According to Boston Magazine, “In the South and throughout the Great Plains, the ratio of liberal to conservative professors hover(s) around 3 to 1. On the liberal left coast, the ratio was 6 to 1. And then there was New England standing at 28 to 1.”

Conservative professors across college campuses are a rarity and could eventually become extinct. The four years students spend attending college are the some of the most transformational years of their lives. With such a high percentage of liberal professors, it is no wonder that most college students are also affiliated with the left.

Due to a sweeping majority of college students identifying with the Democratic Party, the conservative minority has often been silenced on U.S. campuses. In a survey at Brandeis University in Massachusetts, three quarters of students who identified as conservative said they chose not to express their political views on campus.

It may be surprising to consider that liberals are squashing conservative views when the typical glance at social media suggests that Republicans are closed-minded and overly aggressive in their positions. By stigmatizing conservatives as the closed-minded villains, liberals are creating a façade that conservatives are actually the ones suffocating other viewpoints.

Indeed, even as a college female who identifies as an independent conservative, I have been stereotyped as discriminatory, closed-minded, even racist and homophobic. I can promise you that I am none of those things, and the people who know me well realize that I have extremely middle-line views for someone who identifies as conservative.

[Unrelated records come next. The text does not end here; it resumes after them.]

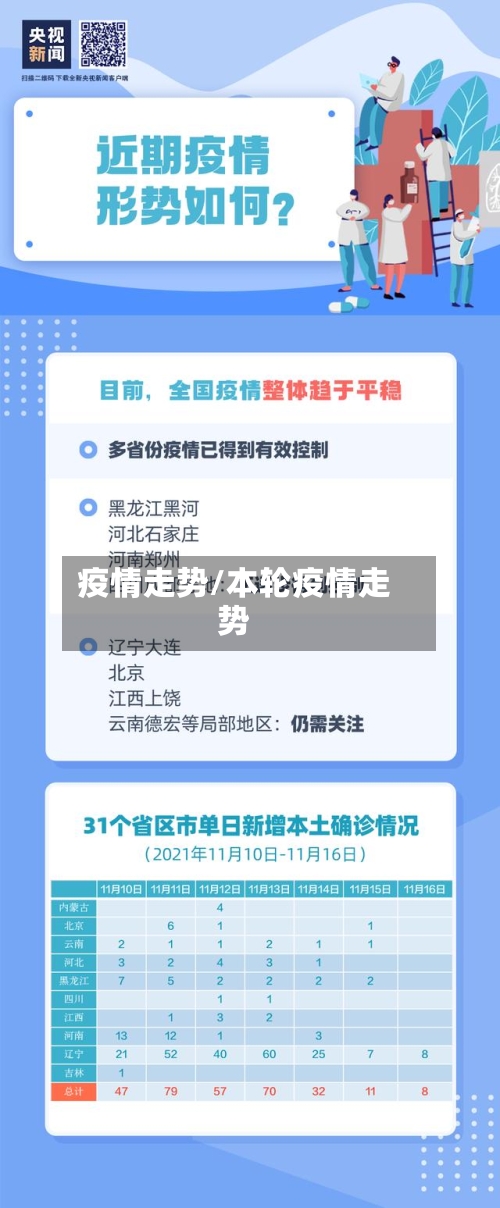 疫情走势/本轮疫情走势-第3张图片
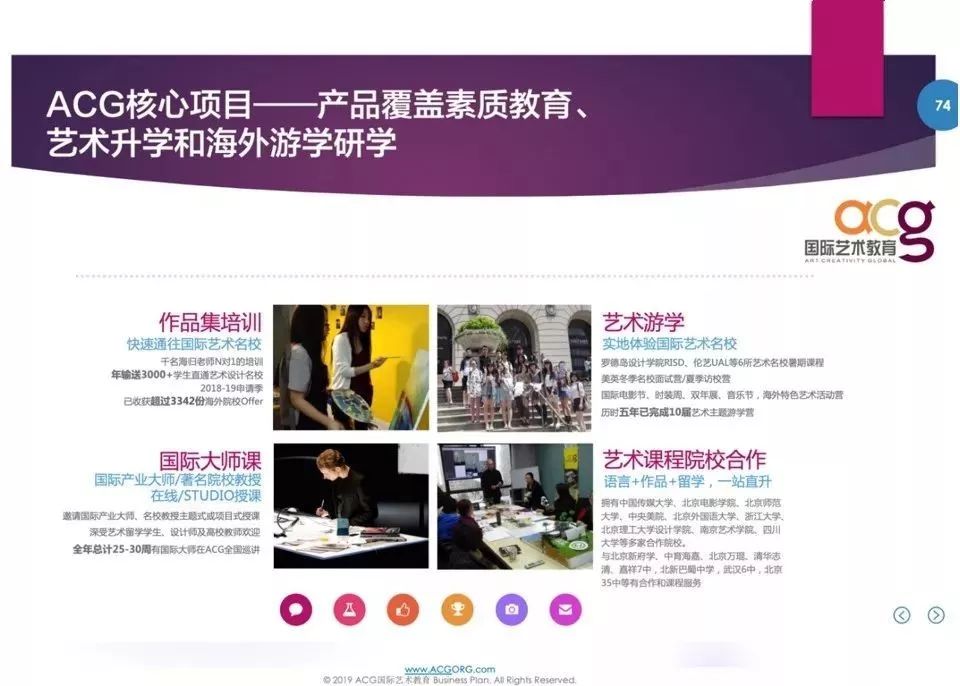 acg艺术教育集团张军,acg留学机构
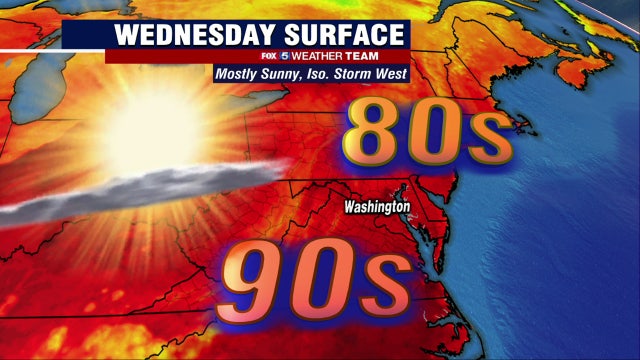 Hot, sunny and dry Wednesday with highs in the low-90s
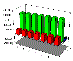 graf ilustrační ke statistice.gif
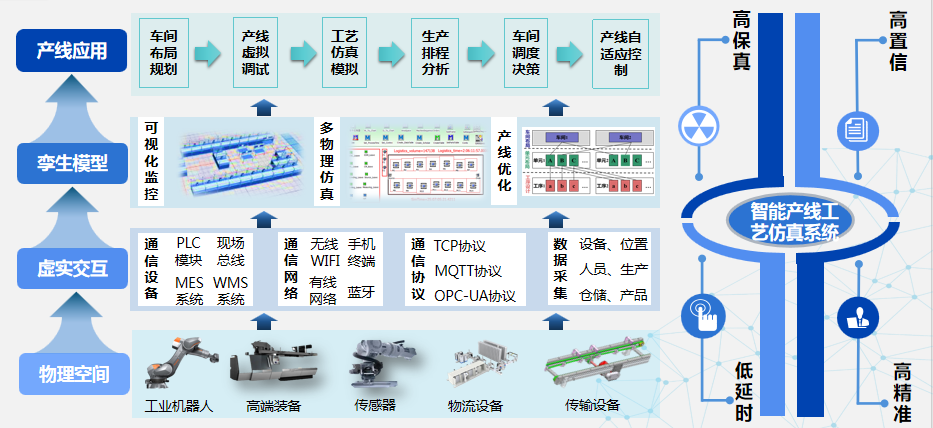 声誉时刻 | 西开有限获第四届天下智能制造立异大赛创意奖-西安西电高压开关有限责任公司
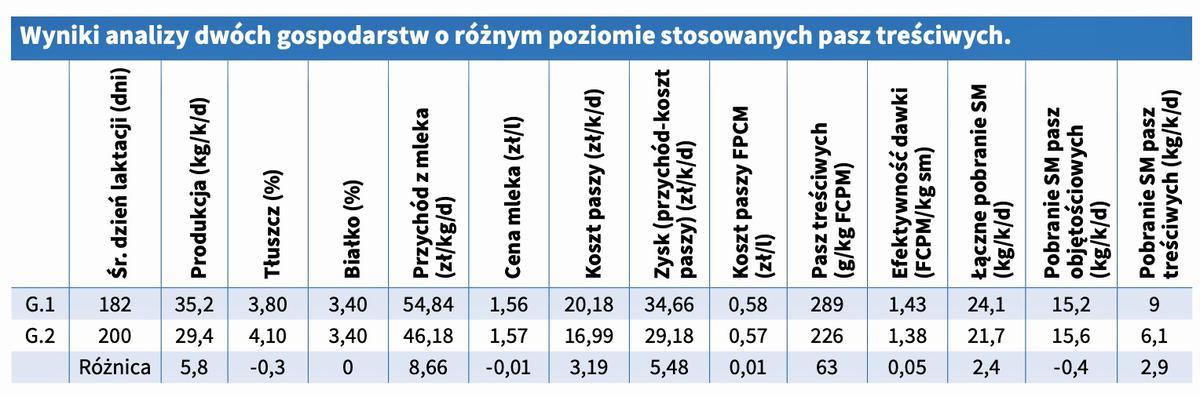 analiza dwóch gospodarstw o różnym poziomie pasz treściwych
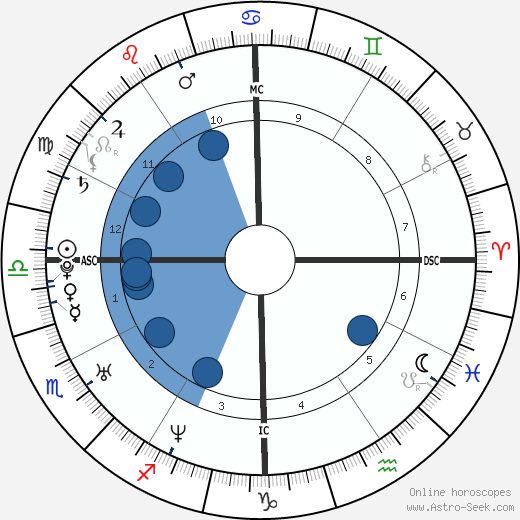 Josh Klinghoffer wikipedia, biography, birth chart, instagram Josh Klinghoffer wikipedia, horoscope, astrology, instagram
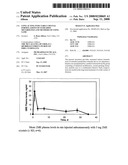 Long Acting Injectable Crystal Formulations of Estradiol Metabolites and Methods of Using Same diagram and image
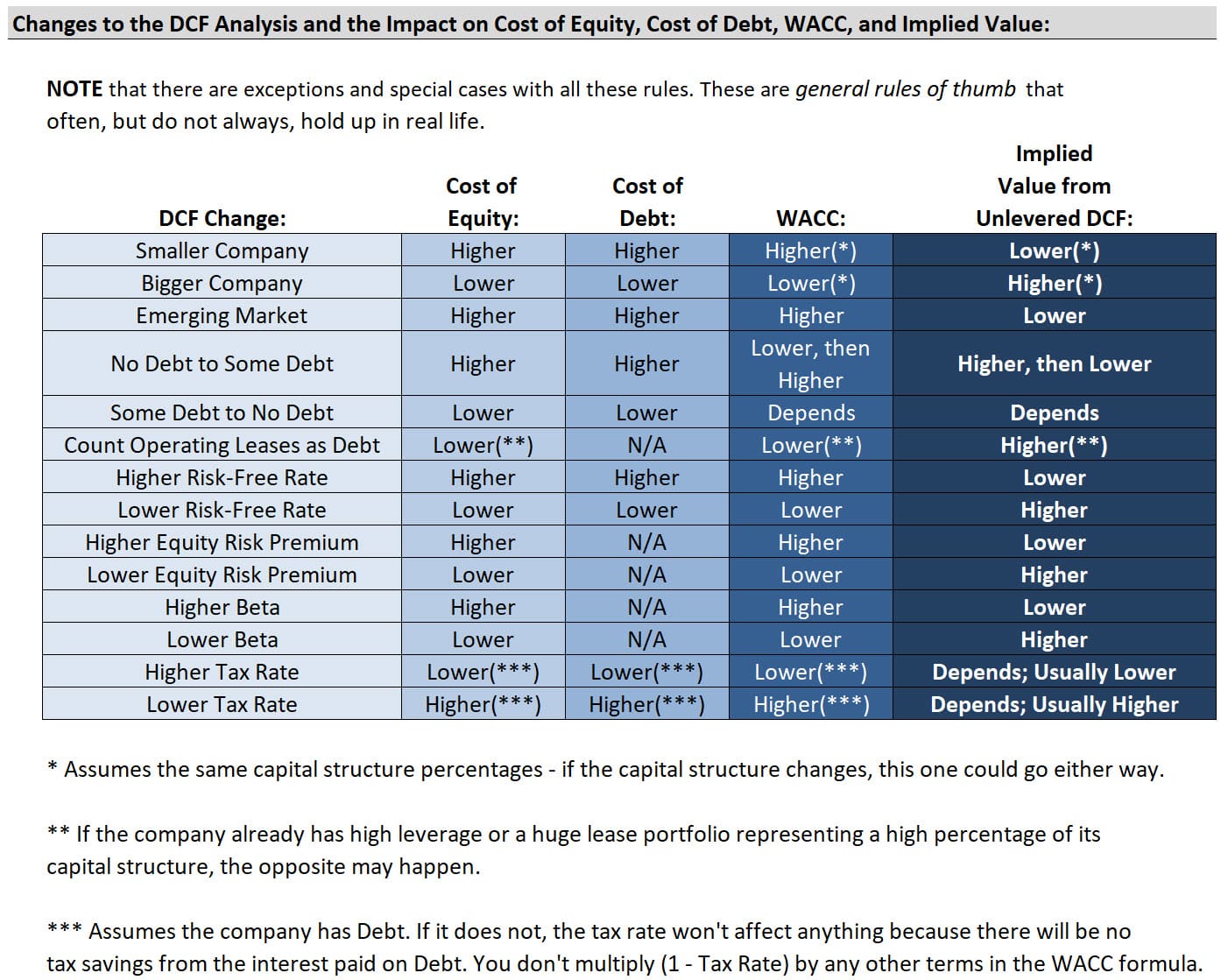 Cost of Equity Changes Cost of Equity Changes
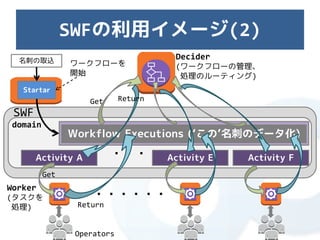 SWFの利用イメージ(2)
  名刺の取込
                                       Decider
                ワークフローを                (ワークフローの管理、
                開始                      処理のルーティング)
   Startar
                    Get      Return
 SWF
 domain
                              Workflow
                Workflow Executions (‘この’名刺のデータ化)

       Activity A         ・・・         Activity E   Activity F
          Get
Worker
(タスクを                ・・・・・・
 処理)             Return


                 Operators
 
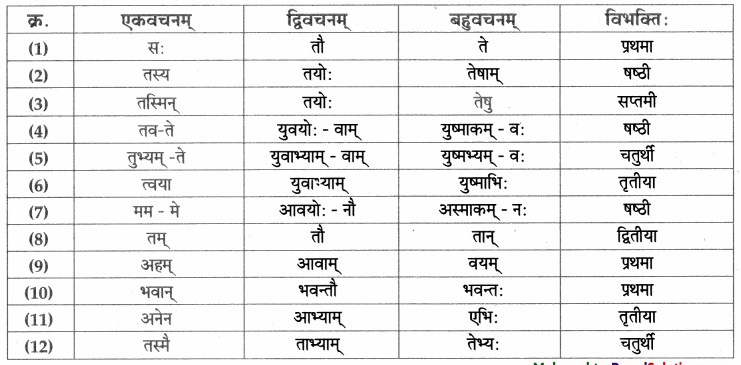 Maharashtra-Board-Class-9-Sanskrit-Aamod-Solutions-Chapter-3-धन्यौ-तौ-दातृयाचकौ-3.1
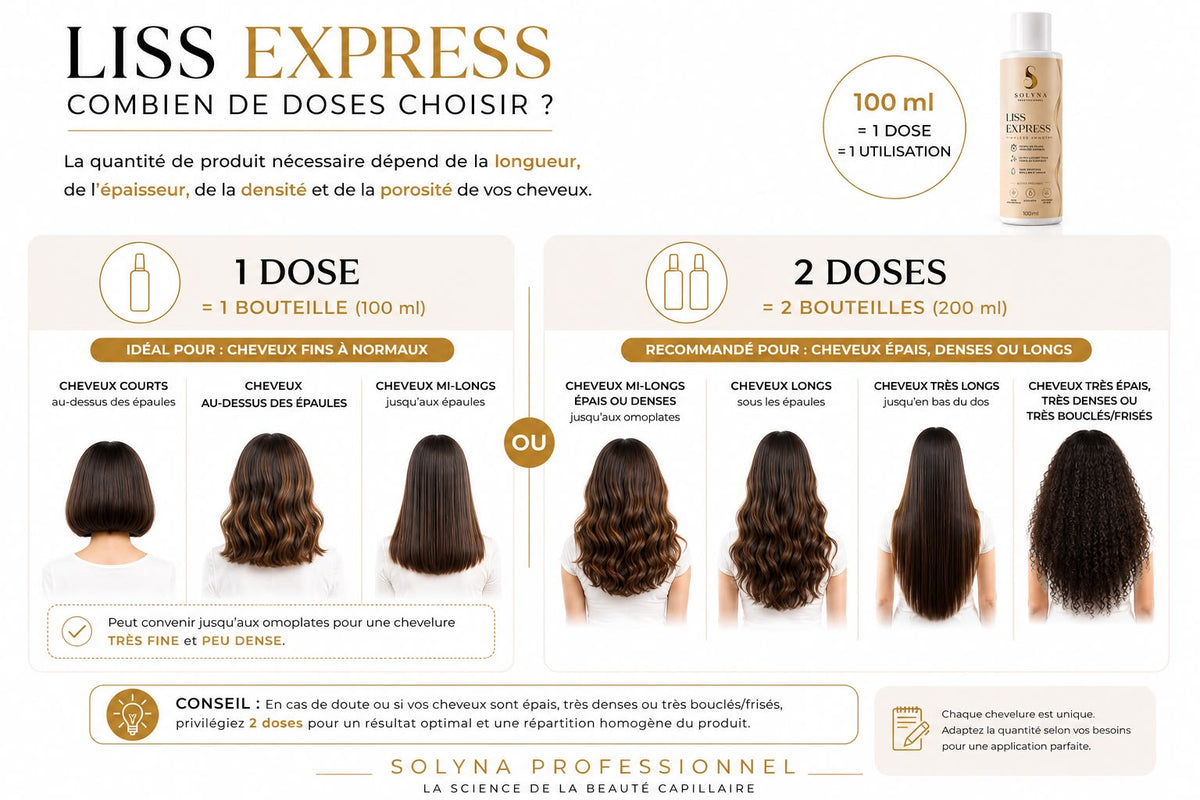 Liss Express 100ml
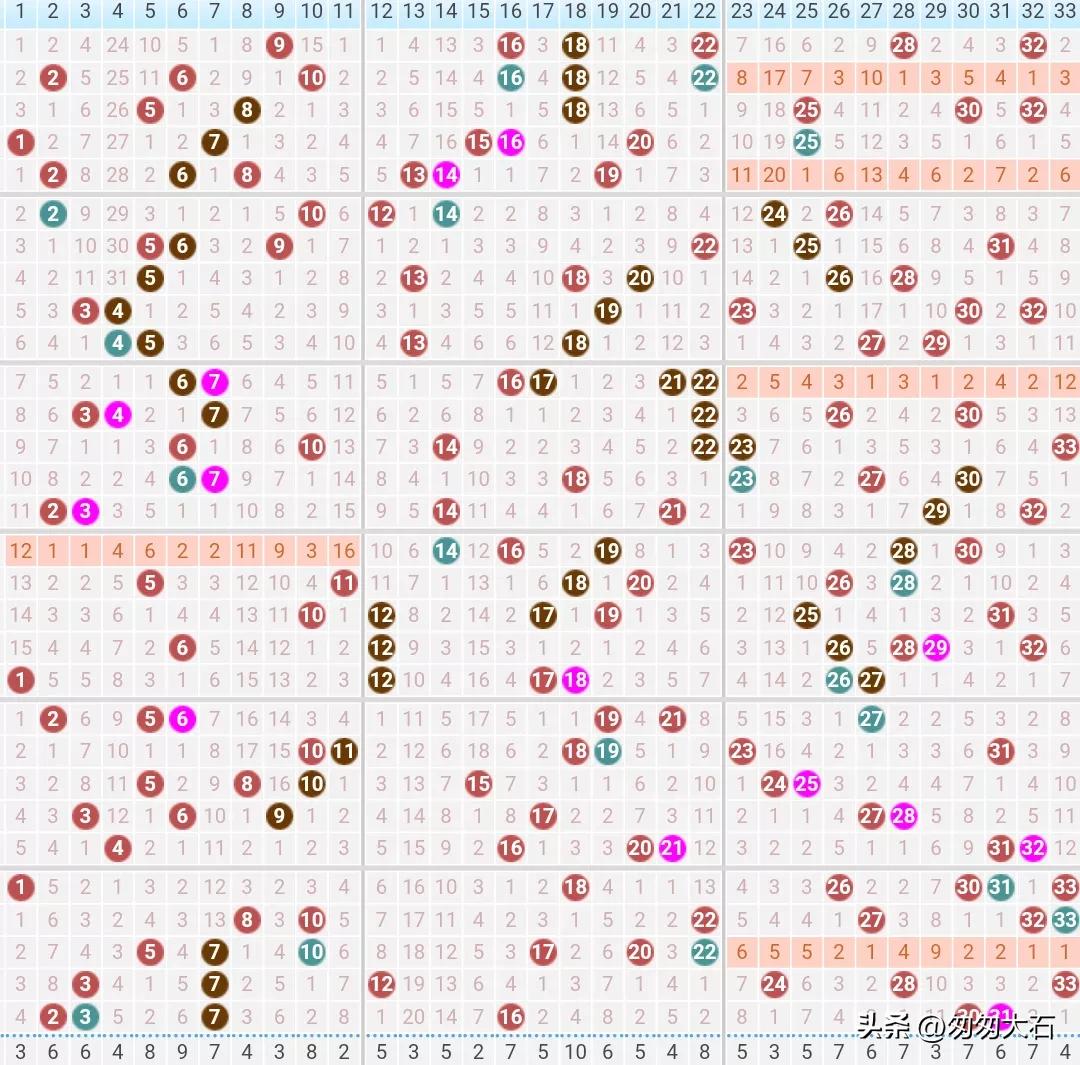 双色球23018期蓝球号码预测,双色球21026期蓝球预测号码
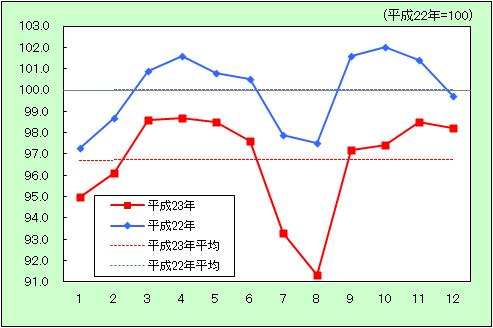 「被服及び履物」の動きをあらわしたグラフ画像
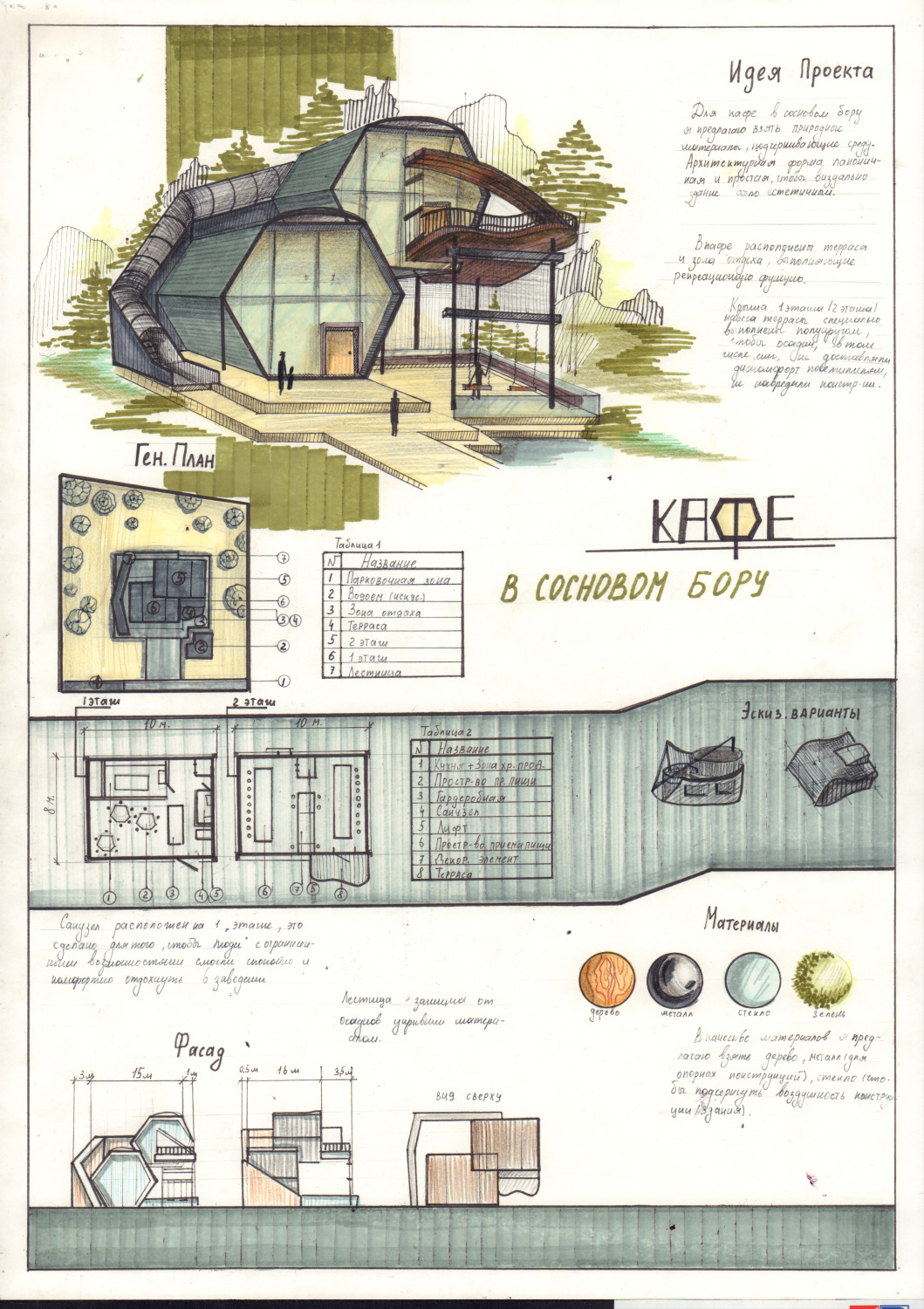 Акимкина Вероника Артемовна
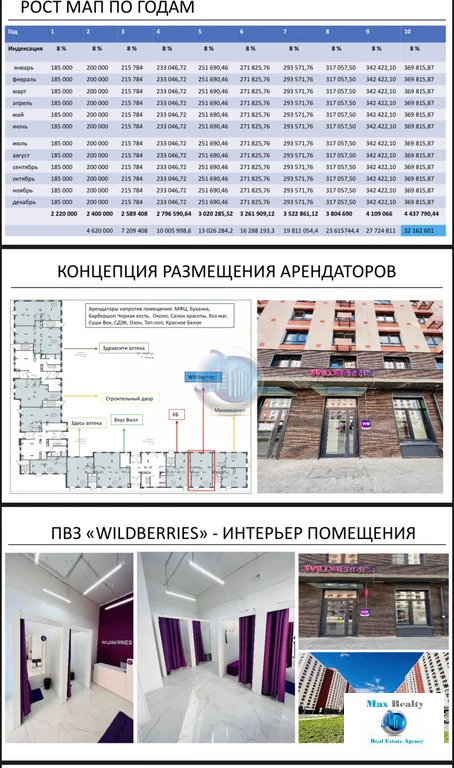 Продажа готового бизнеса, Люберецкий район, Некрасовский проезд - Фото 2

I rarely express my opinion to others on popular issues. I fear that my professors and fellow students will immediately assume I am ignorant and delegitimize my opinions from that moment forward.

What caused this dynamic on college campuses? Why are conservative opinions hidden in shame and liberal opinions widely accepted or even glorified?

Some argue that the definition of conservatism has changed to be only what Fox News and President Trump exemplify in their daily proclamations, and because of this change in definition, people who would have normally identified as conservative now must identify as moderate or independent.

Another argument points out that many members of a more conservative generation have retired from teaching, opening the door for a rise in younger, left-leaning professors.

College students and professors need to examine their own beliefs and biases. Liberals must consider whether their conservative counterparts should be stereotyped as racist, homophobic, anti-feminist or anti-semitic. Conservatives must become more outspoken on issues instead of continuing to be silent due to fear.

Most importantly, both sides must develop a sense of respect and understanding for people with opposing opinions. Mutual respect will foster an environment of growth and learning that could create progress and change our nation.

College students are the future of America, and professors are cultivating the opinions that those students will carry on into the future. When we begin to respect and listen to differing opinions and promote open conversation on campus, our country will surely become a better place.